Could the lines from the line bearing "OYO 3180 Hotel Rian Cottage, Palembang" to the end of the records below be copied exactly, with the pictures left out and no other lines added?

◆ ◆ ◆ ◆ ◆

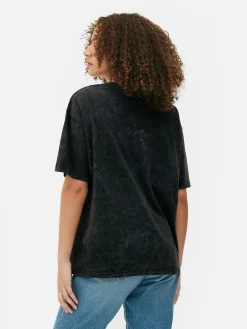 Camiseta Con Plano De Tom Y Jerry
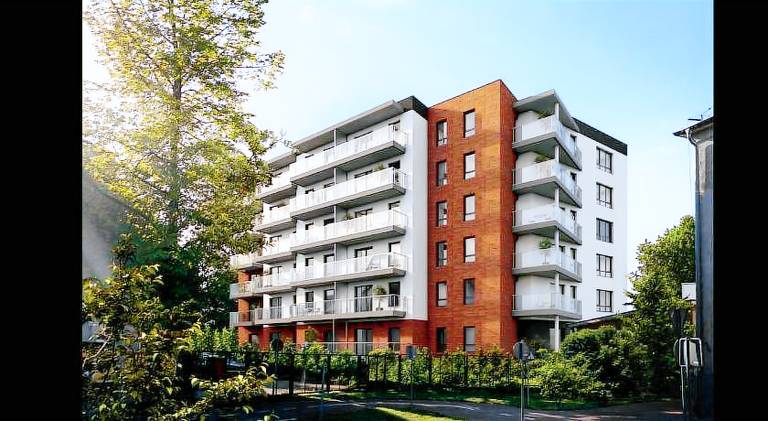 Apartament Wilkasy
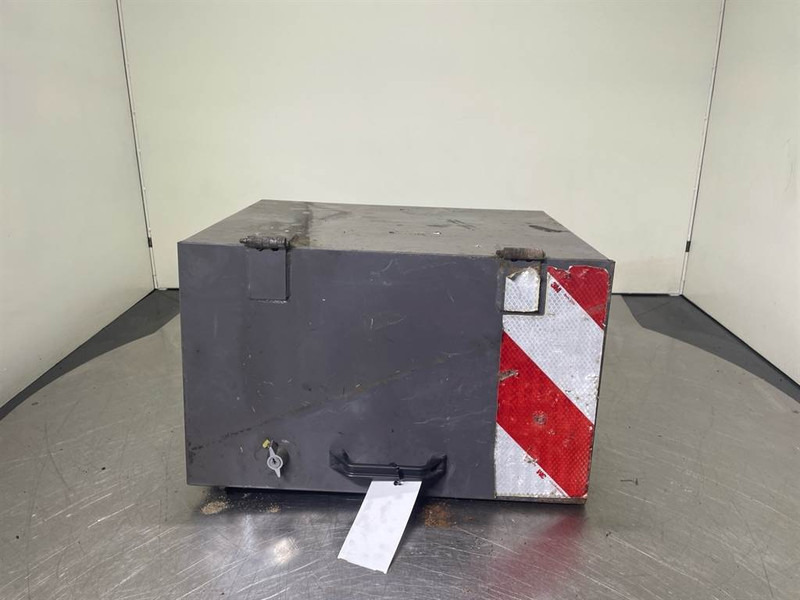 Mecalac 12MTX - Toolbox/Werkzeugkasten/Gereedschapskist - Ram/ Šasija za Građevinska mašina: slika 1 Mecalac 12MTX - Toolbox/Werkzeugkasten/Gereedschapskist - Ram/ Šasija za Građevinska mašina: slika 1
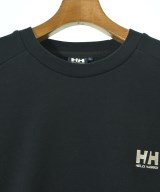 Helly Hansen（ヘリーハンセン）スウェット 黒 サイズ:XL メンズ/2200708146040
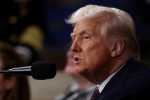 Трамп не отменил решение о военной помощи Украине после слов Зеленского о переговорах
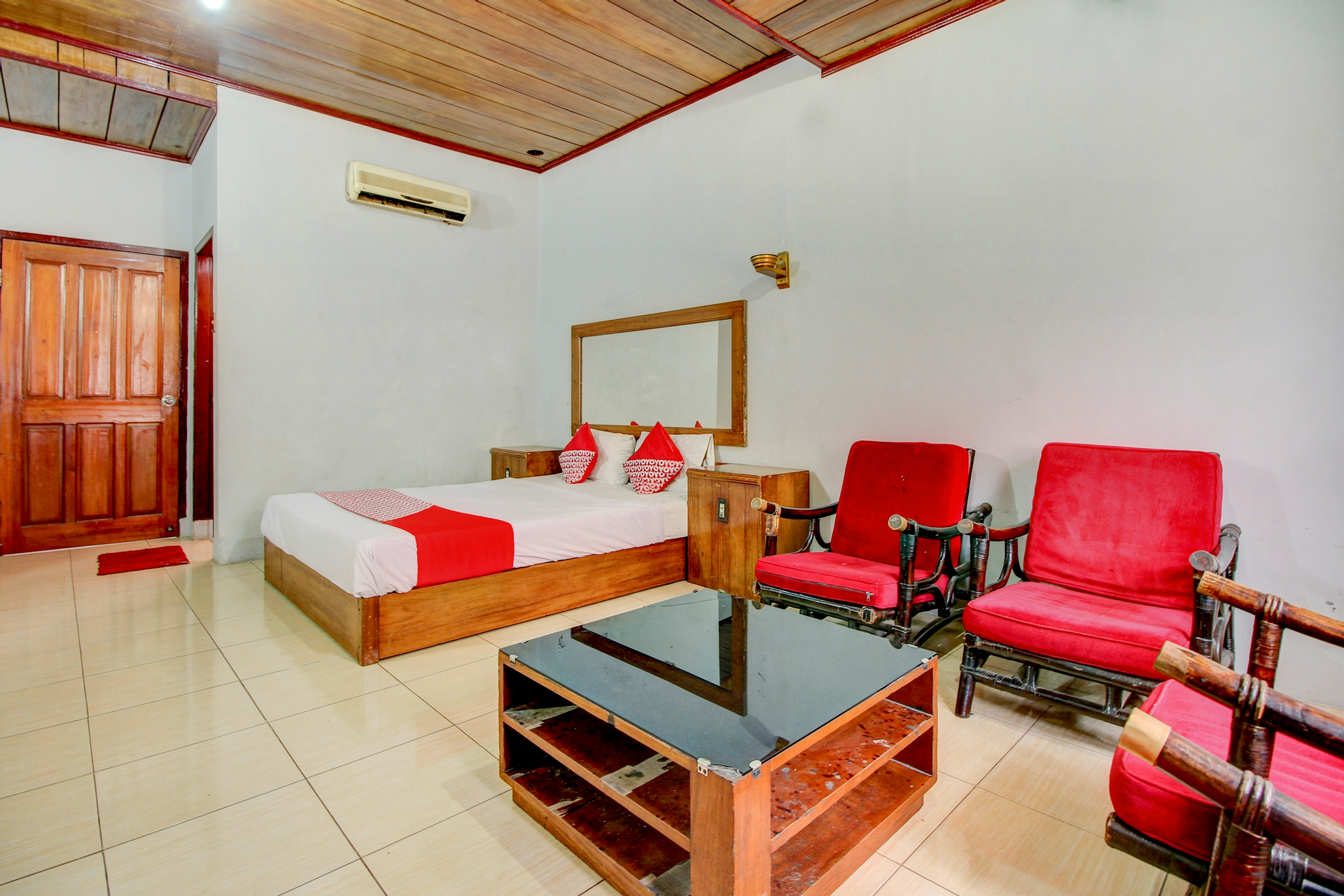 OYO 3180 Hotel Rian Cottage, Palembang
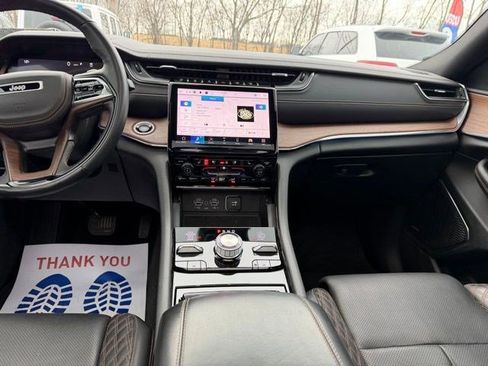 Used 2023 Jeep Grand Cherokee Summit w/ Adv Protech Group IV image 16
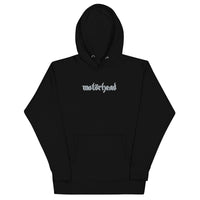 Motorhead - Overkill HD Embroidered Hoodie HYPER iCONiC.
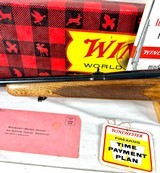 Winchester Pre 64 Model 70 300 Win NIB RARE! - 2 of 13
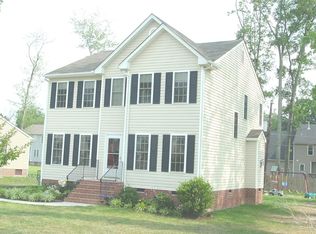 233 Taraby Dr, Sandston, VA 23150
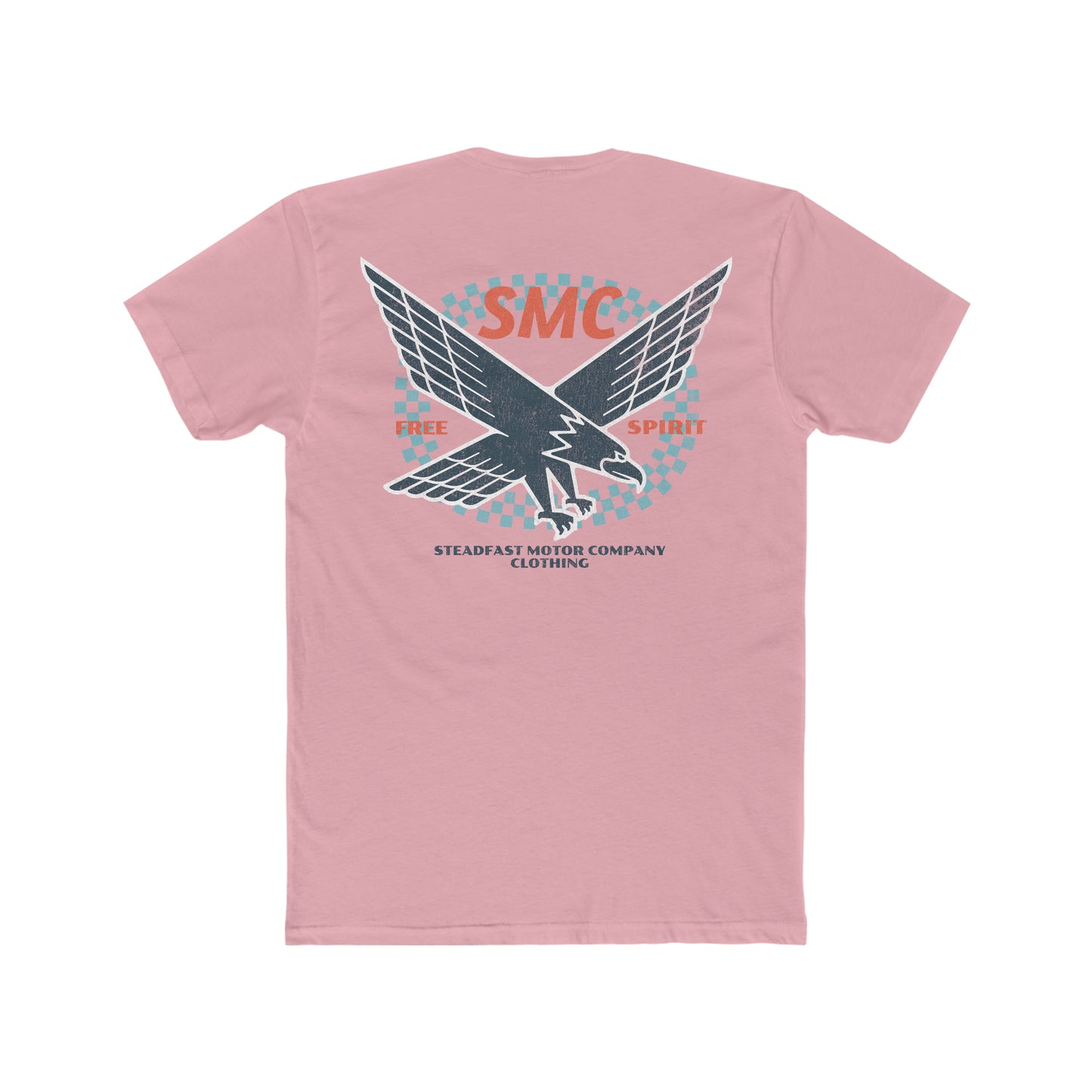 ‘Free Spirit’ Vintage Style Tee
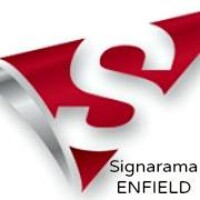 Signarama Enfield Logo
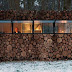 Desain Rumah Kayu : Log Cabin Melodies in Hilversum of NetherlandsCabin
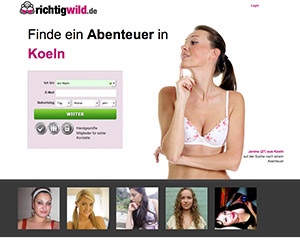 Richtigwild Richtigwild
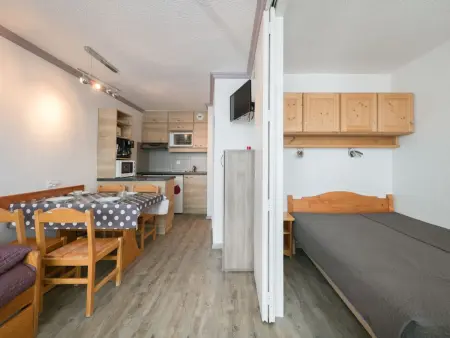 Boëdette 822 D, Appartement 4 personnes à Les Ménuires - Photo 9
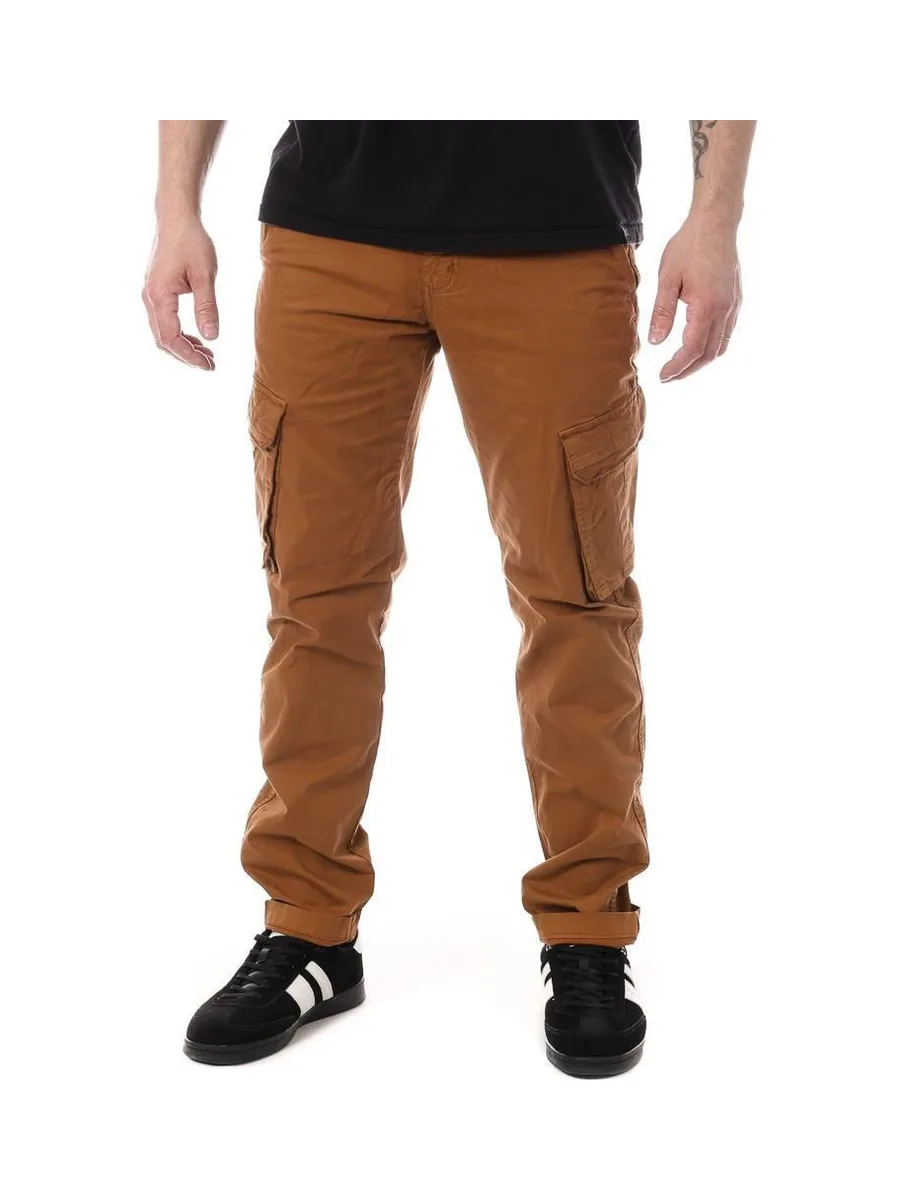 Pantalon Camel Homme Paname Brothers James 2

◆ ◆ ◆ ◆ ◆

▶ [RESULT OF THE EXERCISE]
 OYO 3180 Hotel Rian Cottage, Palembang
 Used 2023 Jeep Grand Cherokee Summit w/ Adv Protech Group IV image 16
 Motorhead - Overkill HD Embroidered Hoodie HYPER iCONiC.
 Winchester Pre 64 Model 70 300 Win NIB RARE! - 2 of 13
 233 Taraby Dr, Sandston, VA 23150
 ‘Free Spirit’ Vintage Style Tee
 Signarama Enfield Logo
 Desain Rumah Kayu : Log Cabin Melodies in Hilversum of NetherlandsCabin
 Richtigwild Richtigwild
 Boëdette 822 D, Appartement 4 personnes à Les Ménuires - Photo 9
 Pantalon Camel Homme Paname Brothers James 2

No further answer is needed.